Ketiga faktor tersebut adalah anggaran, sumber daya manusia (SDM), dan
infrastruktur. Penegasan itu disampaikan Dadan dalam konferensi pers usai
rapat bersama Presiden Prabowo di Hambalang, Bogor, Jawa Barat, Sabtu, 3 Mei
2025.
Baca Juga :
KPK Soroti Dugaan Pemotongan Anggaran Makan Bergizi Gratis, BGN Minta
Pendampingan
Dalam rapat tersebut, Dadan menjelaskan bahwa persoalan anggaran kini tidak
lagi menjadi kendala. Presiden Prabowo telah memastikan penyelesaian aspek
pendanaan program MBG secara politis.
“Anggaran tadi sudah disampaikan oleh Pak Presiden bahwa itu sudah
diselesaikan secara politis,” kata Dadan.
Namun, tantangan nyata justru terletak pada kesiapan SDM, khususnya tenaga
Satuan Pelayanan Pemenuhan Gizi (SPPG) yang menjadi ujung tombak
implementasi program MBG di lapangan. Hingga saat ini, BGN baru menyelesaikan pendidikan untuk 2.000 tenaga
Kepala SPPG, meski enam di antaranya telah mengundurkan diri.
“Kepala SPPG itu adalah Sarjana Penggerak Pembangunan Indonesia. Dan sampai
sekarang kita sudah, baru selesai mendidik 2.000 ya dan ada yang
mengundurkan diri 6 sehingga SDM-nya baru ada 1.994. Nah untuk mengembangkan
pelayanan lebih cepat kita sangat tergantung dari SDM-nya,” jelas
Dadan.
Untuk mempercepat pemenuhan kebutuhan tenaga tersebut, BGN telah menjalin
kerja sama dengan Universitas Pertahanan (Unhan) guna mendidik 30.000 calon
Kepala SPPG dalam gelombang ketiga.
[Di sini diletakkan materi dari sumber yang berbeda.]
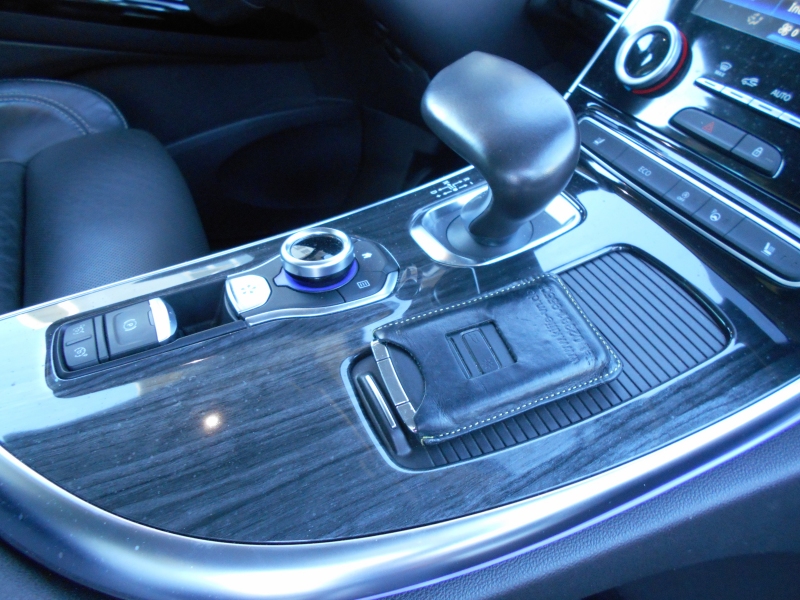 RENAULT ESPACE 1.6 ENERGY DCI 160CV INITIALE PARIS 4 CONTROL ... Immagine 22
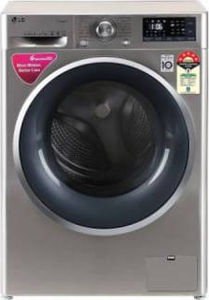 LG 7 Kg Fully Automatic Front Load Washing Machine (FHT1207ZWS)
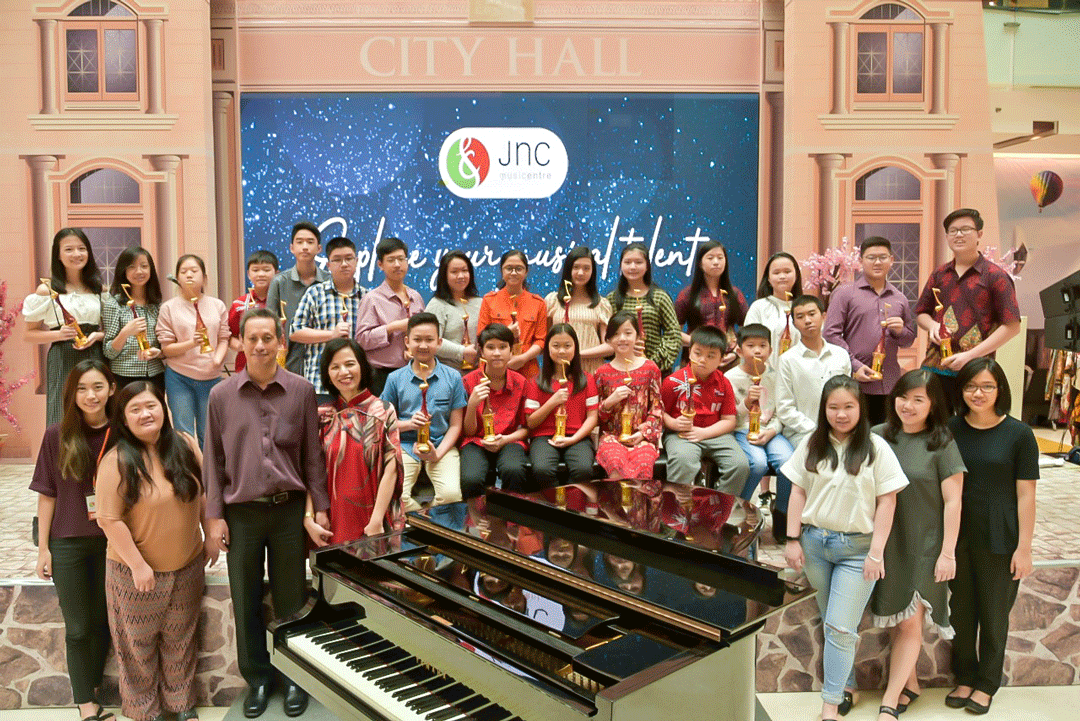 JnC-Music-Centre_New-Year-Concert_Grand-City-Mall-Surabaya_19-Januari-2020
Pendidikan ini ditargetkan selesai pada
akhir Juli 2025.
“Insya Allah akan selesai di akhir Juli. Nah makanya percepatan akan
terjadi dimulai Agustus,” ujarnya.
Baca Juga :
Ketua PKK Aceh Kunjungi Dapur Makan Bergizi Gratis di Lambhuk, Dukung
Pemenuhan Gizi Masyarakat
Selain itu, infrastruktur juga menjadi fokus utama penguatan program. Dadan
menyebutkan jumlah fasilitas SPPG yang tersedia saat ini masih belum memadai
untuk mencapai target yang ditetapkan pemerintah. Oleh karena itu, kemitraan
dengan pihak-pihak eksternal menjadi penting guna memperluas cakupan
layanan.
“Artinya kita harus bermitra seluas-luasnya dengan berbagai pihak,”
ungkapnya.
Meski begitu, Dadan mengakui tantangan dalam mengawasi kualitas dan
kelengkapan infrastruktur yang disiapkan oleh para mitra. Untuk
mengantisipasi potensi masalah, BGN kini sedang menyusun dan mempertajam
standar operasional prosedur (SOP) yang berkaitan dengan proses seleksi dan
supervisi mitra.
“Oleh sebab itu, kami berkumpul sekarang ini untuk mempertajam SOP-SOP
terkait dengan penyeleksian-penyeleksian mitra. Dan juga supervisi-supervisi
infrastruktur yang harus ada dan akan disiapkan oleh para mitra,”
tandasnya.
Program MBG menjadi salah satu program prioritas nasional yang bertujuan
untuk meningkatkan status gizi anak-anak Indonesia. Dengan penguatan di tiga
aspek utama—anggaran, SDM, dan infrastruktur—pemerintah berharap pelaksanaan
program ini akan berlangsung secara masif, terstruktur, dan tepat sasaran.